The article further describes his derivative trades as “esoteric.” In numerous appearances before lawmakers, his company has been called shadowy, conspiratorial, unregulated and opaque. According to the online account, there may even have been the possibility of connections to market manipulation and the Enron scandal. All these suspicions notwithstanding, there are no convictions in Sprecher’s CV.
According to Bloomberg Business Week, he lives in a $10 million Atlanta mansion and flashes a $40,000 watch. God forbid we should raise his taxes a couple of percent. But flashy guys like that are usually not to be trusted. I think we’ve got another Romney on our hands. A guy who seeks out every questionable legal advantage he can find to make more money. Fine; let him play with OPM and sweet-talk the energy companies and banks and charge fat fees for his friendship and advice about where to go for the least regulation and federal hassle from liberal government lifers who would have you obey the rules. To hell with that. I’m sure unquestioningly following regulations was not what he was taught in his business classes at right-wing Pepperdine University, ever the academic protector of all things that bespeak of capitalistic excesses.

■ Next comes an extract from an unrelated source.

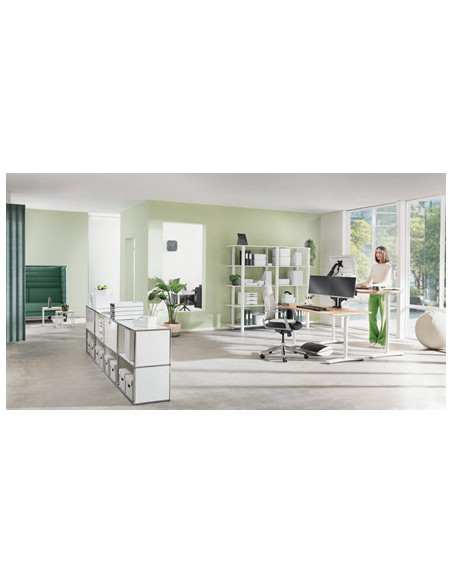 Leitz Ergo Adjustable Monitor Stand 68,6 cm (27") Escritorio Gris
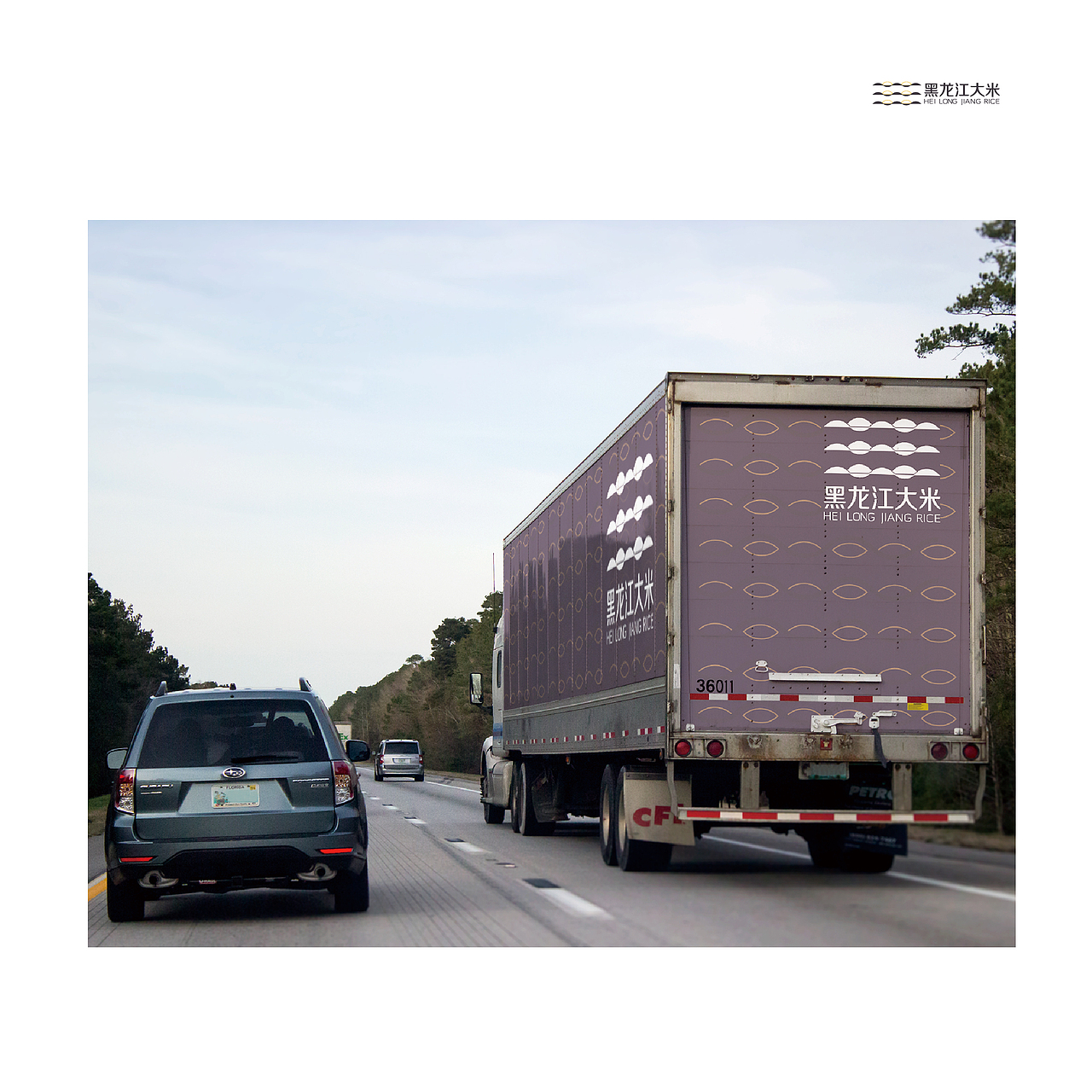 《HLJ大米品牌设计》（图ZMTE5NjYzMTY0） - 品牌 - 站酷设计师蓝牧原创素材 - 站酷ZCOOL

If it’s true that you’re known by the company you keep, let’s take a look at the ICE Board of Directors and see what kind of company Sprecher’s company keeps. I’ll name one name, then just connections. The name is well-known in New Hampshire politics; the former New Hampshire Governor and three-term U.S. Republican Senator, Judd Gregg. He, of course, will serve as the government insider for ICE. He’s also been named an “International Advisor” by Goldman Sachs. Other board members include a member of President Obama’s Economic Policy Advisory Committee and former Chief of Staff to the former Louisiana Democratic Senator John Breaux, now a top DC lobbyist.
Another one of the Board Boys has an oil background with an affiliate of Shell and as President of a major pipeline company. A Brit Director was a one-time CEO of Shell U.K. A VP of Verizon is also a member, not to mention the NY Superintendent of Banks in the Mario Cuomo administration. Let’s face it; all the bases are covered at ICE. Now they’re going to own the New York Stock Exchange. Bank, Oil, Power companies and Investing interests are going to run the equity portion of the holding.
However, the NYSE is not really the plum here. In fact, in the NASDAQ co-venture I referenced earlier, Shrecher was willing to give its partner the whole of the NYSE. That didn’t work out so Shrecher will put all his aforementioned insider chips to good use as NYSE owner. As Time Online explains it, the other part of the NYSE that Shrecher really coveted is not even in the U.S. London is home to Liffe which trades in the much more lucrative derivatives market. Given computer and electronic availabilities, the equities market is really not the most desirable fish in the sea any more. But Shrecher, even with the baggage of the NYSE, will continue to prosper by multiple millions annually because he’s covered all his bases. And he’ll benefit from a probable NYSE bounce-back.
So brace yourself. Once this sale is approved (and it will be with that Board), you’ve got an incredible and concentrated power base that will have both Republicans and Democrats doing its bidding. The little guy and girl investors, even the fairly big, little guy and girl investors, are again just along for the ride.